The most obvious reason is that there is often no time sequence in the values. So if you jumble the data, it makes no difference in the information conveyed by the data. If we follow your method, then every time you jumble the data you get a different sample variance.
The more theoretical answer is that sample variance estimates the true variance of a random variable. The true variance of a random variable $X$ is
$$E\left[ (X - EX)^2 \right]. $$
Here $E$ represents expectation or "average value". So the definition of the variance is the average squared distance between the variable from its average value. When you look at this definition, there is no "time order" here since there is no data. It is just an attribute of the random variable.
When you collect iid data from this distribution, you have realizations $x_1, x_2, \dots, x_n$. The best way to estimate the expectation is to take the sample averages. The key here is that we got iid data, and thus there is no ordering to the data. The sample $x_1, x_2, \dots, x_n$ is the same as the sample $x_2, x_5, x_1, x_n..$
EDIT
Sample variance measures a specific kind of dispersion for the sample, the one that measures the average distance from the mean. There are other kinds of dispersion like range of data, and Inter-Quantile range.
Even if you sort your values in ascending order, that does not change the characteristics of the sample. The sample (data) you get are realizations from a variable. Calculating the sample variance is akin to understanding how much dispersion is in the variable. So for example, if you sample 20 people, and calculate their height, then those are 20 "realizations" from the random variable $X = $ height of people. Now the sample variance is supposed to measure the variability in the height of individuals in general. If you order the data
$$ 100, 110, 123, 124, \dots,$$
that does not change the information in the sample.

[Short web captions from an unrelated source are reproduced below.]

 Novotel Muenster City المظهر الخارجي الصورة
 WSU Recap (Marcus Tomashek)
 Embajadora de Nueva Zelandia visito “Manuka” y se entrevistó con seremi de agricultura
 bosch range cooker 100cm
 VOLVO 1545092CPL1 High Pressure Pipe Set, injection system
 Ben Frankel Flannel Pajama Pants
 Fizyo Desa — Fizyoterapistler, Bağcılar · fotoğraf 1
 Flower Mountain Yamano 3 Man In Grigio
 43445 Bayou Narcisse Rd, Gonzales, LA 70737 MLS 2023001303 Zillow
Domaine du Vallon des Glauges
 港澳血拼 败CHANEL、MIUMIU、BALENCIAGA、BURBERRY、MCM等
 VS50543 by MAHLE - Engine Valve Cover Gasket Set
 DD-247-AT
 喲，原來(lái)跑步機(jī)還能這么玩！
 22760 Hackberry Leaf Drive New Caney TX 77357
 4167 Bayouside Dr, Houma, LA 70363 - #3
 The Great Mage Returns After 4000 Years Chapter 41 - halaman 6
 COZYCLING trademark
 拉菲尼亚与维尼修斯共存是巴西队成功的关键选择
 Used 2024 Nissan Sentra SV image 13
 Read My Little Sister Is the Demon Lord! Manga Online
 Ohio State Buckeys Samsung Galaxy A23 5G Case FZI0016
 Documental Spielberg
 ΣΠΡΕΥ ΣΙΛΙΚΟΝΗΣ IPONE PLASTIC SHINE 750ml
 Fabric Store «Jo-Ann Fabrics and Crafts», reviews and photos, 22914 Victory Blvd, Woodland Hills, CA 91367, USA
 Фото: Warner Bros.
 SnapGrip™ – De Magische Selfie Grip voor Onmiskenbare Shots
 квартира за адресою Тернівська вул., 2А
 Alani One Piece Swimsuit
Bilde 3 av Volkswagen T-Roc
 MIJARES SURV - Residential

Lets look at one more example. lets say you have 100 observations from a random variable ordered in this way $$1, 2, 3, 4, 5, 6, 7, 8, 9, 10, 11, 12, 13, 14, ... 100.$$ Then the average subsequent distance is 1 units, so by your method the variance will be 1.
The way to interpret "variance" or "dispersion" is to understand what range of values are likely for the data. In this case you will get a range of .99 unit, which of course does not represent the variation well.
If instead of taking average you just sum the subsequent differences, then your variance will be 99. Of course that does not represent the variability in the sample, because 99 gives you the range of the data, not a sense of variability.